With regard to ice edge positions in and around Pembrokeshire, I have for years argued that ice edge positions cannot possibly have remained far off the western coast of the county if there was an ice edge pressing against the north face of Mynydd Preseli more than 350m above present sea level.  Again, this was all about glacial wrapping.  And at last, without any proper acknowledgement of my posts on this blog, the BRITICE team have acknowledged that I was right and they were wrong -- by showing on their latest maps that Devensian ice affected the coasts of south Pembrokeshire at least as far east as Caldey Island.  As I have been trying to tell them for years, that's what the observations on the ground show, and that's what glaciological theory must have predicted.

The revised BRITICE LGM ice edge for the Bristol Channel, showing glacier ice affecting the south coast of Pembrokeshire. That's more like it. I still think the line is in the wrong position in the centre of the Channel........

The article:
Maximum extent and readvance dynamics of the Irish Sea Ice Stream and Irish Sea Glacier since the Last Glacial Maximum
J. D. Scourse, R. C. Chiverrell, R. K. Smedley, D. Small, M. J. Burke, M. Saher, K. J. J. Van Landeghem, G. A. T. Duller, C. Ó Cofaigh, M. D. Bateman, S. Benetti, S. Bradley, L. Callard, D. J. A. Evans, D. Fabel, G. T. H. Jenkins, S. McCarron, A. Medialdea, S. Moreton, X. Ou, D. Praeg, D. H. Roberts, H. M. Roberts, C. D. Clark
Jnl of Quaternary Science, 7 May 2021 (special issue article)

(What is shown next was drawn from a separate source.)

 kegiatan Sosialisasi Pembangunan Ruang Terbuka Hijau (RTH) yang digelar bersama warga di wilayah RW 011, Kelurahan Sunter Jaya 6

We get there, gradually...........


PS.  By the way, glacial wrapping has nothing whatsoever to do with this latest trend for the inhabitants of high glacierised mountains (as in the Alps and parts of China) to cover snow-covered surfaces with vast swathes of special fabric in a forlorn attempt to reduce the rate of ablation and glacier wastage.  I can understand why they are doing it, especially in areas where the skiing holiday industry is under threat -- but it is all really rather stupid.  There is no technical fix for global warming -- people should stop these stunts (costing millions of pounds) and listen to what they are being told by the climate scientists and by Greta Thunberg and the younger generation. 


Tony Hinchliffe said...

Has it been posited that there are nunataks on Dartmoor?; and also Exmoor?

BRIAN JOHN said...

There has been a lot of discussion about the tors -- some appear to be eroded by moving ice, while others were protected by sluggish or stagnant thin ice. Some of the tors must have been nunataks for part of the time, but the evidence is likely to be subtle.

Dave Maynard said...

I did see on Al Jazeera, a report about an engineer in Nepal(?) who was building piles of branches and then spraying water from melted glaciers as a sprinkle that froze overnight and became progressively thicker. His view was that it contained more water in a vertical column than a thinner ice sheet.
The pile progressively melted in the summer, releasing water in a more controlled flow than the natural thaw and flood in spring and early summer with no water for the rest of the year.
He said that human occupation in these areas was only possible because of the release of water from the ice, when the glaciers are gone, people would have to leave. This technique, if adopted would only delay this for an additional 50 years or so.